--- EXERCISE DATA ---

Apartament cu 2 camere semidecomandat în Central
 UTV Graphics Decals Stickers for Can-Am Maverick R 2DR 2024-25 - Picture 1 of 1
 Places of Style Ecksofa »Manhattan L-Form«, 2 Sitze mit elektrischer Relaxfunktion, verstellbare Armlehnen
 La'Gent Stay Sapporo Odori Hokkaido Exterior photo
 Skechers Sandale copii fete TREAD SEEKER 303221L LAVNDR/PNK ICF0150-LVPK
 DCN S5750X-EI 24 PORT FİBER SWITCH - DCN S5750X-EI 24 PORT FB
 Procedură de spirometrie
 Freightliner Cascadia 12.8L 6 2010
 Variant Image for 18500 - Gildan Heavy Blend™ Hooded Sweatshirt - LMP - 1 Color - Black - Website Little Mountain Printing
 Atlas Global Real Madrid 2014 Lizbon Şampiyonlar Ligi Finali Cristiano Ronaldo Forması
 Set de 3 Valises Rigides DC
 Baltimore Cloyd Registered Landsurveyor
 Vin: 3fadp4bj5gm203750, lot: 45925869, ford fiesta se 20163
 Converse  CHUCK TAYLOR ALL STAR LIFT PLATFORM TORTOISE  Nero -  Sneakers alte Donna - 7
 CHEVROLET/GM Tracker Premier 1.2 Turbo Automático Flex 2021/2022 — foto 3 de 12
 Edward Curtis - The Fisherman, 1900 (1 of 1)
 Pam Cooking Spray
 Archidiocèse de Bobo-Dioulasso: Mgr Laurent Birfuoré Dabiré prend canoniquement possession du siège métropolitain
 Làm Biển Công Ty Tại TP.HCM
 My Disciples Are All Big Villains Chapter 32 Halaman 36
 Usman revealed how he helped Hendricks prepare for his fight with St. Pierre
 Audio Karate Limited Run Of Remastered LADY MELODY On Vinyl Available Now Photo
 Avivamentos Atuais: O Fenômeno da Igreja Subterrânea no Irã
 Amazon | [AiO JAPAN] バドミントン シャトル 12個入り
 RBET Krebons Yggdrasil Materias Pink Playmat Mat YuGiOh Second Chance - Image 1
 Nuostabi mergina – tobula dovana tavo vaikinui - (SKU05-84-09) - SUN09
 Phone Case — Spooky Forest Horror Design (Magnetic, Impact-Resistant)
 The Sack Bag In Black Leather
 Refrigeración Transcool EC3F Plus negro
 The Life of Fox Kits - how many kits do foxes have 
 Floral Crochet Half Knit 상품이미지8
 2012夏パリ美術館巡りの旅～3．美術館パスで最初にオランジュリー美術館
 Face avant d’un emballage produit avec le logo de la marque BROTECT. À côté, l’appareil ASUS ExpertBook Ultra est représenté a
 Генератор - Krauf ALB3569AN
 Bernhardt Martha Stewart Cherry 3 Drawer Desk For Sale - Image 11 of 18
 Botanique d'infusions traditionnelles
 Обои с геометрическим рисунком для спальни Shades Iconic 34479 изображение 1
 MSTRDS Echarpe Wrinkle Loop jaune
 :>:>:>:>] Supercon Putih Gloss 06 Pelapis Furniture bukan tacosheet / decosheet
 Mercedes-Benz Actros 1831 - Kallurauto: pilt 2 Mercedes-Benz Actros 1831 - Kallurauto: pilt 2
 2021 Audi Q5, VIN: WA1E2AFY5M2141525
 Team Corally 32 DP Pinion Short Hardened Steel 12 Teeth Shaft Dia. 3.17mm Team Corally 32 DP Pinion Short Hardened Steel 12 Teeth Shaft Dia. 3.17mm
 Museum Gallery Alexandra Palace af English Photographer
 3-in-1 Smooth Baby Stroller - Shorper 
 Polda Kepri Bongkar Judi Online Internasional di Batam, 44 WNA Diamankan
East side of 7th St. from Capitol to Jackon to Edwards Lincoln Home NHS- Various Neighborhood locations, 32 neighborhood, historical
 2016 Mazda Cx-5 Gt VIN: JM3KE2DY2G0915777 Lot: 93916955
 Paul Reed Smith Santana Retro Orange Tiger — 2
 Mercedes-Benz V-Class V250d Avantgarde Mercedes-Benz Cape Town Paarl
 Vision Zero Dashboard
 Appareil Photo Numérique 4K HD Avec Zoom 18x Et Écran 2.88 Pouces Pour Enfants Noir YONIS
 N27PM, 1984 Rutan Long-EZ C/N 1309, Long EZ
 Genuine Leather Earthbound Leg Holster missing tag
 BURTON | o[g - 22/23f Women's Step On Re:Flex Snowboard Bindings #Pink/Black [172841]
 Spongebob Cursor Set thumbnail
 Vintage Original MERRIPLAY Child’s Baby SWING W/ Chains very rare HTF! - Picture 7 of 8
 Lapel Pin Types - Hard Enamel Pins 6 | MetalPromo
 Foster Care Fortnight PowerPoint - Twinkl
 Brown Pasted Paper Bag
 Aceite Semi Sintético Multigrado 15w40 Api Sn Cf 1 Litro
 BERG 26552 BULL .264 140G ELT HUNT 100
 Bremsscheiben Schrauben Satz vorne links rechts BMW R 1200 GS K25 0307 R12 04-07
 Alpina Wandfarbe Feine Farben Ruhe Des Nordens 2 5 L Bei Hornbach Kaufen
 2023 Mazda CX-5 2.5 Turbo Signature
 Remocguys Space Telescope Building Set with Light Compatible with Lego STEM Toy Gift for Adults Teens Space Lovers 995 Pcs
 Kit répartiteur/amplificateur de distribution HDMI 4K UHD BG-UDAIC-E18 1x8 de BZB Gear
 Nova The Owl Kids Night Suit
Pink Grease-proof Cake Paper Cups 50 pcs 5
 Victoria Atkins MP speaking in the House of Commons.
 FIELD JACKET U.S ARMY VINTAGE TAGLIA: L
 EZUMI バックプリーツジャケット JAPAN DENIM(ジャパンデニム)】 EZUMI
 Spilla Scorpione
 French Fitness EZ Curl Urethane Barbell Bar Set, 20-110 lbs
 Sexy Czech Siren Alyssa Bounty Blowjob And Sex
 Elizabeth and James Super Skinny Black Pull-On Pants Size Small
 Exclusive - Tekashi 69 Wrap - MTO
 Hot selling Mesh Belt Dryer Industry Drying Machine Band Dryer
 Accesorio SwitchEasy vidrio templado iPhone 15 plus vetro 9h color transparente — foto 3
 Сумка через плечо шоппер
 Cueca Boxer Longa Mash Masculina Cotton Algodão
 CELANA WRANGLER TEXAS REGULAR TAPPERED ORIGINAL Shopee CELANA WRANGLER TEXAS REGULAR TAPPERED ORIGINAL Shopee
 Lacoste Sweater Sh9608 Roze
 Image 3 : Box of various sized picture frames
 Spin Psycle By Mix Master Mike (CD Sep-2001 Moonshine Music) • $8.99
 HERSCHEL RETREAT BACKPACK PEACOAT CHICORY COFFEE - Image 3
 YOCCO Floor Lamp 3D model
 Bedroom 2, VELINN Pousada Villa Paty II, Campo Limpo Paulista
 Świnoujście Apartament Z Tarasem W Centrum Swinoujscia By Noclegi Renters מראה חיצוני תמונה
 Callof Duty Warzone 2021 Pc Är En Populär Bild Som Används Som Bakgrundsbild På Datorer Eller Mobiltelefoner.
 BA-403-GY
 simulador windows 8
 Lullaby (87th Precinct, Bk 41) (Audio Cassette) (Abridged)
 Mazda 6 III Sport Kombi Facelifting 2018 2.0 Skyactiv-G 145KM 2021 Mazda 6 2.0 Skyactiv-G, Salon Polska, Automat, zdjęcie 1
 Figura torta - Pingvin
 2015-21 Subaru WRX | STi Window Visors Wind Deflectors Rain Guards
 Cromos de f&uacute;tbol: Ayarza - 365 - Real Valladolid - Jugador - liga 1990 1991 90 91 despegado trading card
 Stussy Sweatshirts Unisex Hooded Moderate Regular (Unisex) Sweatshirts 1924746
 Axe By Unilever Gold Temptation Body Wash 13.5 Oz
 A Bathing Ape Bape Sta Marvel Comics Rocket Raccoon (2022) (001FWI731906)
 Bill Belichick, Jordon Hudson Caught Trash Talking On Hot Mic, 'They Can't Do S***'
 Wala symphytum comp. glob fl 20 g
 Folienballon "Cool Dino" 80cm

---

GOAL OF THE EXERCISE: Beginning at the line with "EZUMI バックプリーツジャケット JAPAN" and ending at the line with "Lacoste Sweater Sh9608 Roze", reproduce each line of the data above exactly, and add no other lines.

RESULT BELOW:
 EZUMI バックプリーツジャケット JAPAN DENIM(ジャパンデニム)】 EZUMI
 Spilla Scorpione
 French Fitness EZ Curl Urethane Barbell Bar Set, 20-110 lbs
 Sexy Czech Siren Alyssa Bounty Blowjob And Sex
 Elizabeth and James Super Skinny Black Pull-On Pants Size Small
 Exclusive - Tekashi 69 Wrap - MTO
 Hot selling Mesh Belt Dryer Industry Drying Machine Band Dryer
 Accesorio SwitchEasy vidrio templado iPhone 15 plus vetro 9h color transparente — foto 3
 Сумка через плечо шоппер
 Cueca Boxer Longa Mash Masculina Cotton Algodão
 CELANA WRANGLER TEXAS REGULAR TAPPERED ORIGINAL Shopee CELANA WRANGLER TEXAS REGULAR TAPPERED ORIGINAL Shopee
 Lacoste Sweater Sh9608 Roze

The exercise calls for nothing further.